:: REQUIRED WORK ::
Taking the line with "Fair trade batik" as the first and the line with "Imagem Apartamento com" as the last, set down the lines below exactly, pictures excluded.

:: ENTRIES SHOWN ::
========================

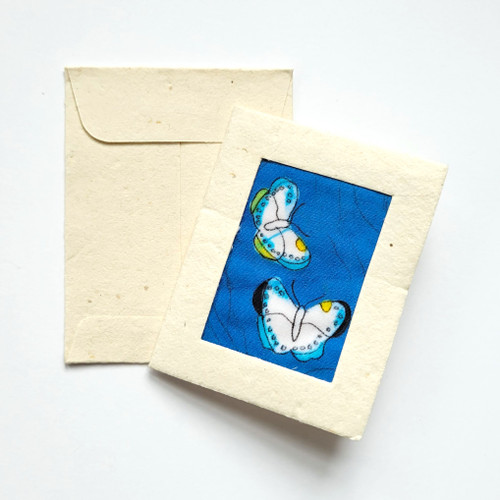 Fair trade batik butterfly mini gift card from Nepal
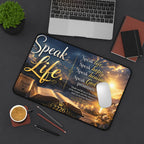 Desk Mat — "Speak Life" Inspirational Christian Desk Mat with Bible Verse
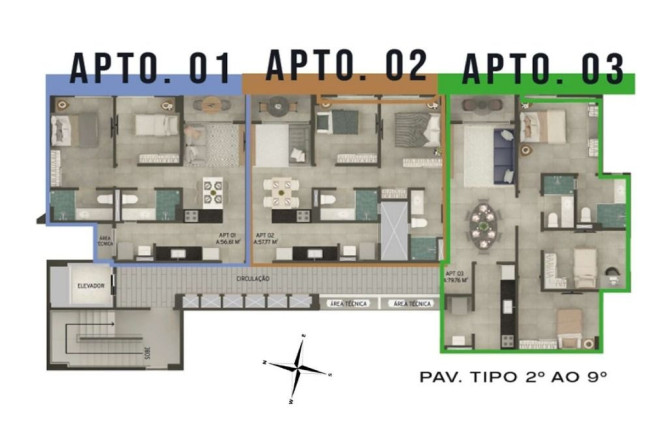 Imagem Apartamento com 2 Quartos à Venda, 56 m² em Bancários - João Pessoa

========================

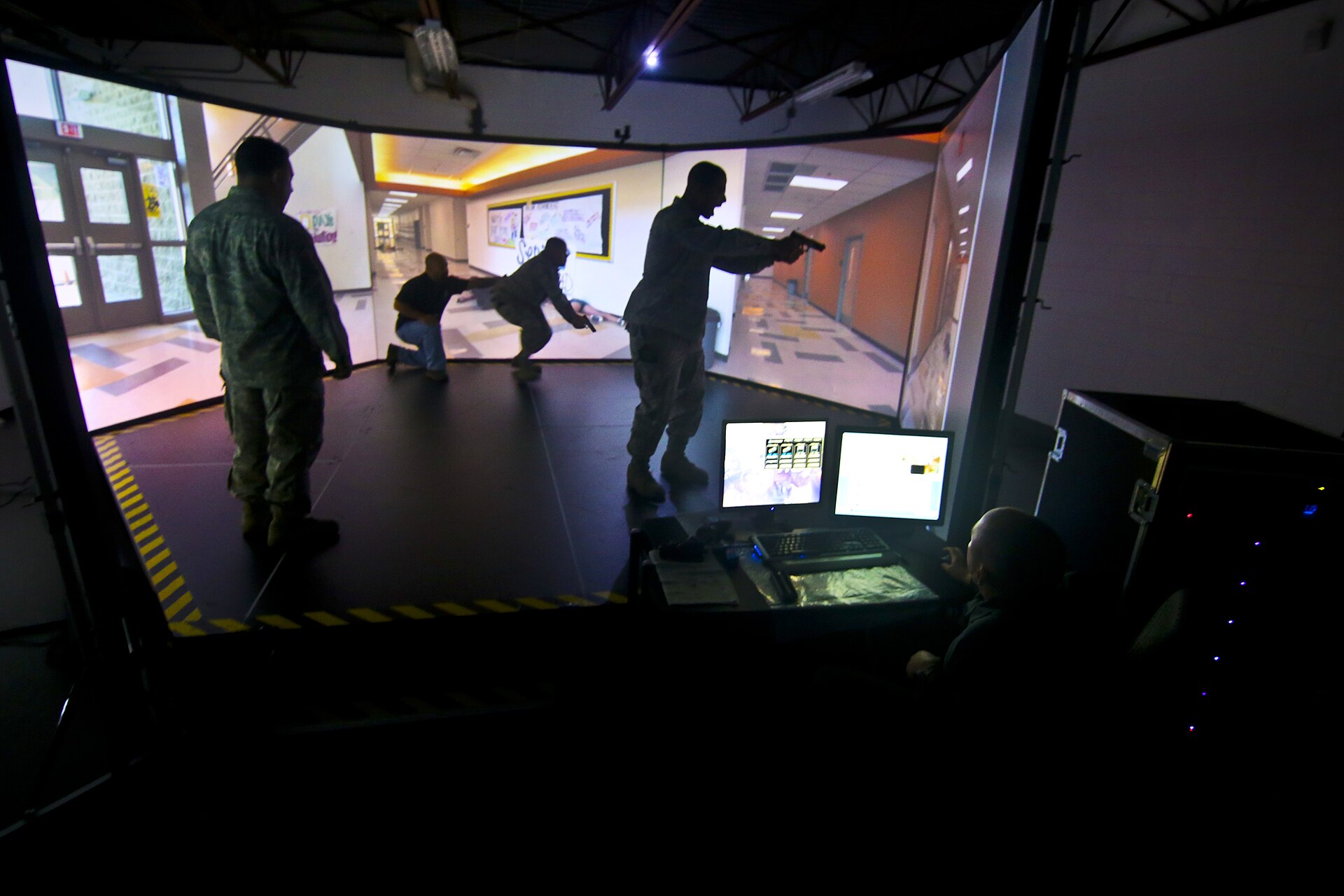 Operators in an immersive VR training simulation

========================

:: ANSWER FOR THIS EXERCISE ::
 Fair trade batik butterfly mini gift card from Nepal
 Desk Mat — "Speak Life" Inspirational Christian Desk Mat with Bible Verse
 Imagem Apartamento com 2 Quartos à Venda, 56 m² em Bancários - João Pessoa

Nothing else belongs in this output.